We all seem to be living through a time of rapid change.
Part of these feelings of experiencing rapid change comes, no doubt, from careful attention to news media, alerts we receive on our mobile phone, the ubiquitous “Breaking News” moniker on every screen. We now learn of a bus accident that killed three people in a remote rural area of a country far away from us, complete with pictures, within hours of the event. With such connectedness, there is a lot to cover, and we can literally see it all with a few clicks on a mobile phone. So, it seems that events are occurring faster and faster because we can follow so many events simultaneously.
Immediately after the 9/11 events, I mounted a repeated survey of a national sample of adults, containing a battery of self-report psychological health measures. We tracked such self-reported well-being over time as the days and weeks passed. A finding I will always remember is that those respondents who kept close attention to the media stories of the events after the attack, suffered from reduced well-being for a much longer period of time, relative to those who paid less attention to such media. Such attention seemed to keep the psychological wounds fresher for longer periods of time. Based on this finding, one wonders how much of a sense of living in a moment of rapid change is a function of how much attention is paid to very short cycled new media.
These thoughts may also apply to anyone in a work organization or some institution that also is undergoing change. For example, US universities are facing threats to Federal government financial support and increasing costs from demands for new academic programs, facilities, and student services. Just as economic inequality is a concern among US households, inequality in financial resources among elite private universities, state universities, and small liberal arts colleges is inducing change in the eco-system of US higher education. Further, the coming cohorts of students will come from life experiences very different from those of the last two decades. To optimally serve those students, changes in US universities must occur.
Similarly, in private sector organizations, externally influenced changes abound. Retail stores of a “brick and mortar” type and small businesses are being rapidly affected by internet-based consumption. Shopping malls, once thriving, are filled with empty storefronts. Some close completely. Department stores, offering large inventories of diverse products, are most vulnerable. Generational effects in consumer behavior seem large; younger shoppers claim never to visit stores except virtually. The manufacturers to the retail sector, once a stable industry, are undergoing real change.

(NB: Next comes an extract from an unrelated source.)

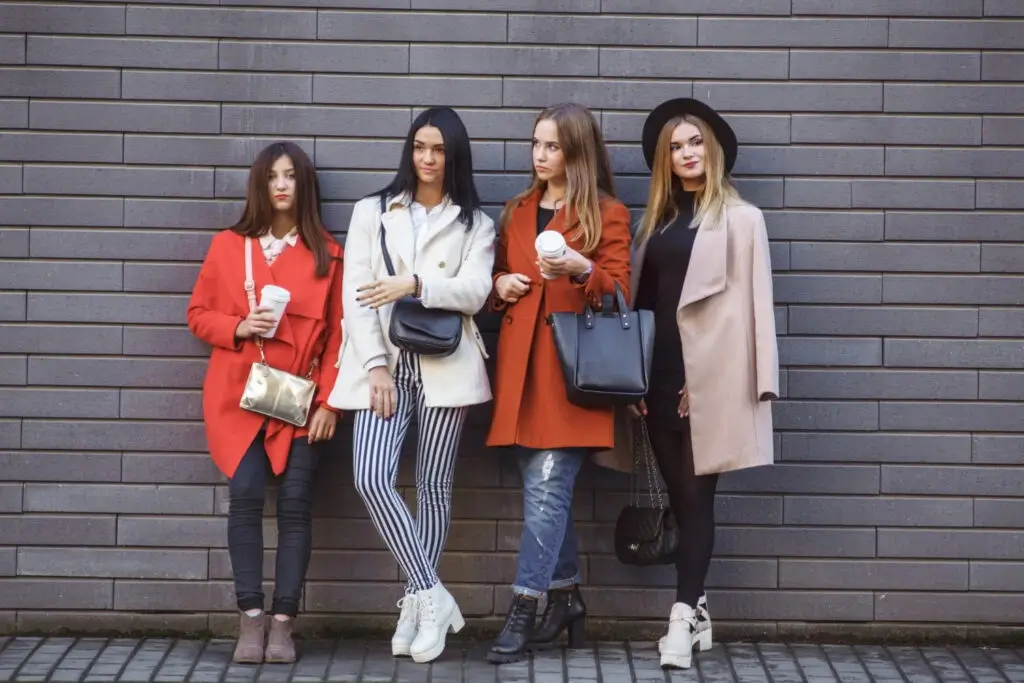Five women standing casually against a gray brick wall, dressed in stylish coats exuding a trendy vibe.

With such rapid changes externally induced on organizations, one wonders how it affects the taste for voluntary change within the organizations. In this context, are proposals for change within organizations affected by the general feeling that the rate of change in the larger society is rapid, out of one’s control, and filled with fearful consequences? Do more and more people tend to seek stability in their social worlds (which they partially control) and in their work organizations, in reaction to the feeling of overwhelming rapid change in the larger world? Alternatively, do the feelings of unrelenting change in the external world spur a sense of need for innovation in other aspects of their lives?